Holdings currently holds all of the Existing Class B Shares and all of the issued and outstanding membership interests in Opco, designated as “Common Units” (the “Opco Units”), not held by the Company. As used in this Current Report on Form 8-K, the term “Downstairs Holder(s)” refers to Holdings or, in the event that any of the Opco Units and corresponding Existing Class B Shares currently held by Holdings are distributed or otherwise transferred prior to the consummation of the Reorganization, the holders of such securities following such distribution or transfer.
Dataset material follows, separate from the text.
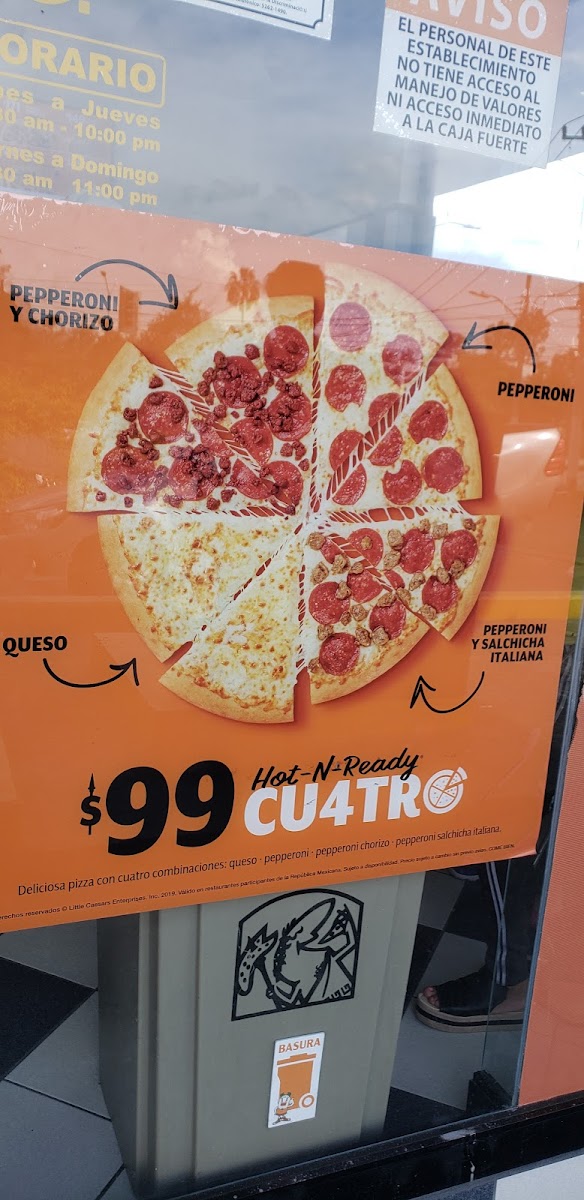 Little Caesars Pizza Ciudad Granja Photo Menu 3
Pursuant to the MRA, (a) PubCo Merger Sub will be merged with and into the Company (the “PubCo Merger”), as a result of which (i) each of the Existing Class A Shares then issued and outstanding will be exchanged for one share of common stock of New Atlas, par value $0.01 per share (the “New Atlas Common Stock”), (ii) all of the Existing Class B Shares then issued and outstanding will be surrendered by the Downstairs Holder(s) and cancelled for no consideration and (iii) the Company will survive the PubCo Merger (in such capacity, the “Surviving Corporation”) as a direct, wholly owned subsidiary of New Atlas; and (b) Opco Merger Sub will be merged with and into Opco (the “Opco Merger” and, together with the PubCo Merger, the “Mergers”), as a result of which (i) each of the Opco Units then issued, outstanding and held by the Downstairs Holder(s) will be exchanged for one share of New Atlas Common Stock and (ii) Opco will become a wholly owned subsidiary (partially direct and partially indirect through the Surviving Corporation (i.e. the Company)) of New Atlas. After completion of the Reorganization, New Atlas will replace the Company as the publicly held entity and, through its subsidiaries, will conduct all of the operations currently conducted by the Company, and the Company will remain the managing member of Opco.
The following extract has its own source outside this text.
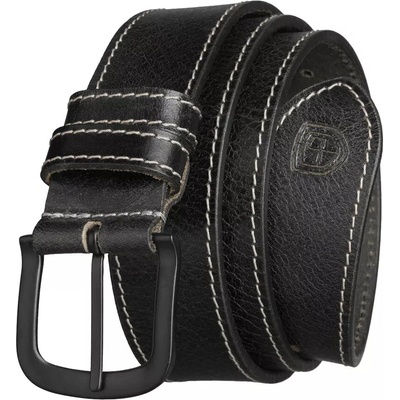 Peterson Pánský kožený černý pásek PTN LTE-2727 Black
The consummation of the Reorganization, including the Mergers, is subject to the satisfaction or waiver of certain specified conditions in the MRA, including, among other things, (i) the receipt of approval of the Reorganization by the holders of a majority of the voting power of the outstanding shares of Existing Common Stock entitled to vote thereon, (ii) the registration statement on Form S-4 filed by New Atlas in connection with the Mergers (the “Reorganization Registration Statement”) having been declared effective by the SEC under the Securities Act of 1933, as amended (the “Securities Act”), (iii) the shares of New Atlas Common Stock issuable in connection with the Mergers having been approved for listing on the New York Stock Exchange (the “NYSE”) and (iv) at least 20 calendar days having elapsed since the Company first mailed the information statement of the Company and prospectus of New Atlas that are each included in the Reorganization Registration Statement to the Company’s stockholders.
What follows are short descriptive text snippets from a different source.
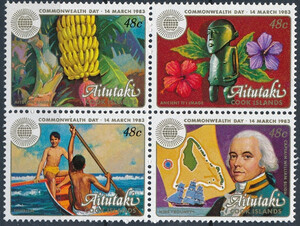 Aitutaki Mi.0456-459 czwórka czyste**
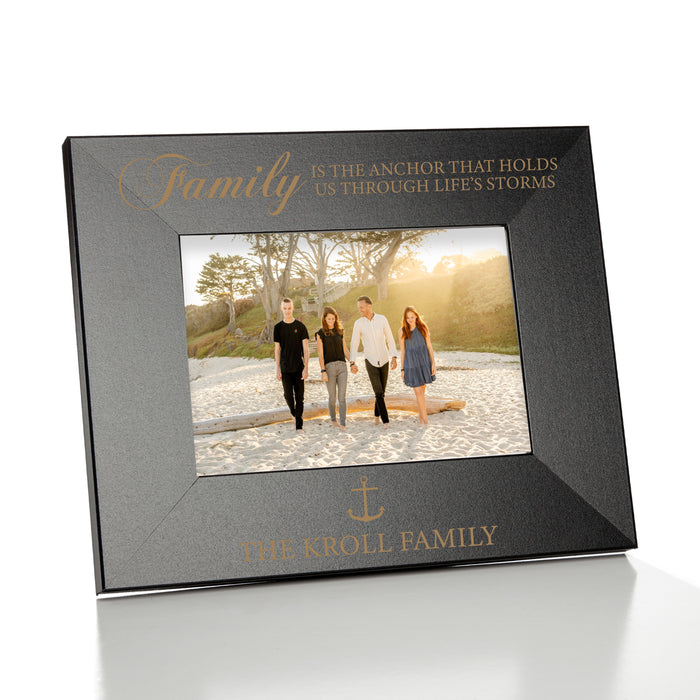 Personalized "Family Is The Anchor" Picture Frame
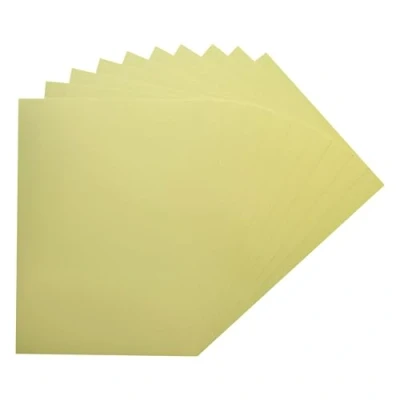 Image of Pack of 100 A5 Pastel Yellow Coloured Paper 75gsm Sheets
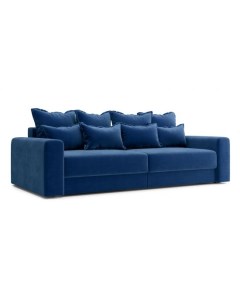 Прямой диван Онтарио 87 120 см Пружинный блок Двуспальные Жесткие Синий 241 Большое спальное место Первый мебельный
The foregoing description of the Reorganization, the MRA and the transactions contemplated thereby is a summary only, does not purport to be complete and is subject to, and qualified in its entirety by, the full text of the MRA, a copy of which was filed with the SEC on August 1, 2023 as Exhibit 2.1 to the Company’s Current Report on Form 8-K and is incorporated by reference into this Item 5.07.